Social determinants of physical functioning

SWAN research has examined social factors that may explain the observed differences in standard midlife physical functioning performance across racial and ethnic groups; in SWAN, Japanese women had better physical functioning compared to white women, but Black and Hispanic women had poorer physical functioning compared to white women. These differences were partially explained by variations in socioeconomic status, body mass index, pain, and physical activity patterns across the race/ethnic groups.

Maintaining or improving physical function during midlife

Findings suggest that adherence to a healthy lifestyle is important for physical functioning. Women who did not smoke, engaged in regular physical activity, and maintained a healthy diet had better physical function as compared to women who had unhealthy lifestyle behaviors.

Women who consumed more fruits, vegetables, and fiber and less fat had better physical function. Furthermore, women who participated in high levels of physical activity, like running or walking very quickly, or in moderate levels of physical activity, like brisk walking or vacuuming, had better physical functioning than women with low physical activity.

Key physical health & function takeaways for women

The aging process, particularly midlife aging, is not synonymous with declines in physical functioning. In fact, findings from SWAN demonstrate that reports of physical functioning limitations are highly variable over time in individual women, thereby challenging the assumption of aging as a period of steady decline and highlighting the midlife as a life stage that may be particularly amenable for interventions to improve physical function. In particular, addressing conditions such as arthritis that onset during midlife and are associated with physical function limitations may be an important strategy to promote long-term well-being. The midlife period presents a unique opportunity to intervene and improve physical functioning trajectories.

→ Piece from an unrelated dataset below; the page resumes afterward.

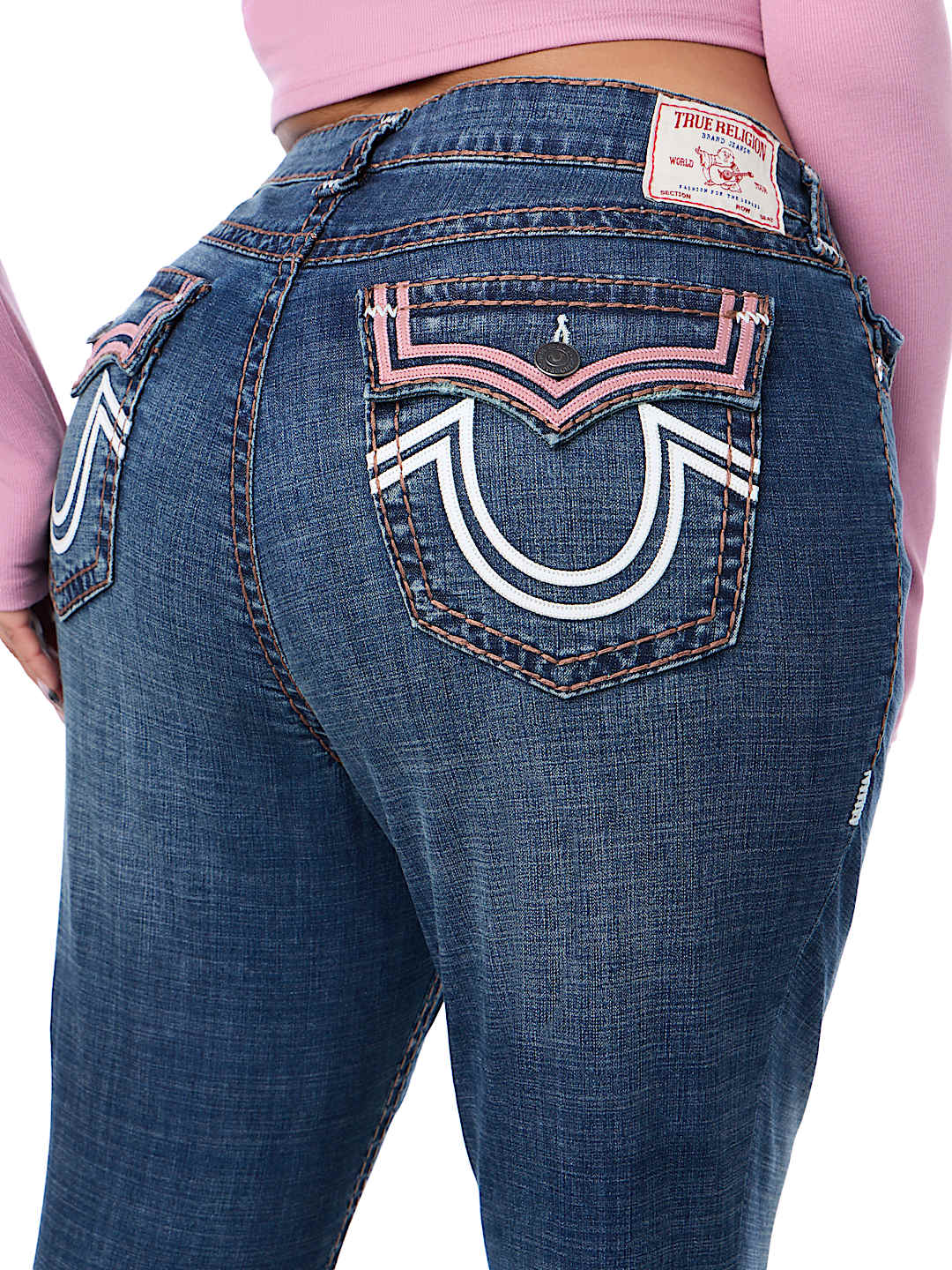 PLUS BECCA MID RISE APPLIQU&Eacute; SUPER T FLAP BOOTCUT JEAN
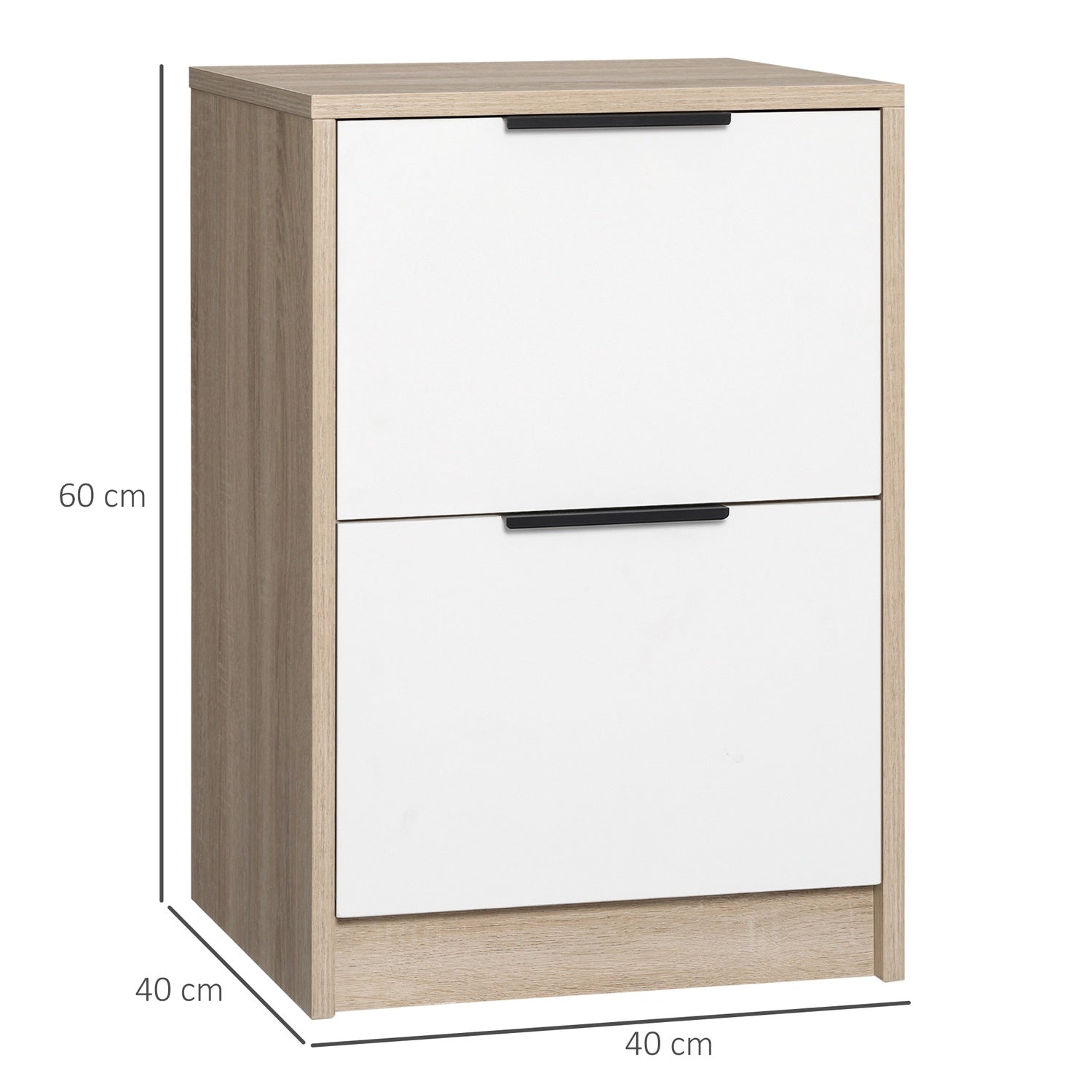 Sängbord i vitt & naturträ – 2 lådor, 40x40x60 Cm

Additionally, staying curious and engaged by learning new things and pursuing interests, practicing sun safety, maintaining a healthy weight, limiting alcohol consumption, and avoiding smoking contribute to overall longevity and well-being. By prioritizing physical activity, women can support their bone health, muscle strength, cardiovascular health, weight management and mental well-being, ultimately enhancing their quality of life as they age.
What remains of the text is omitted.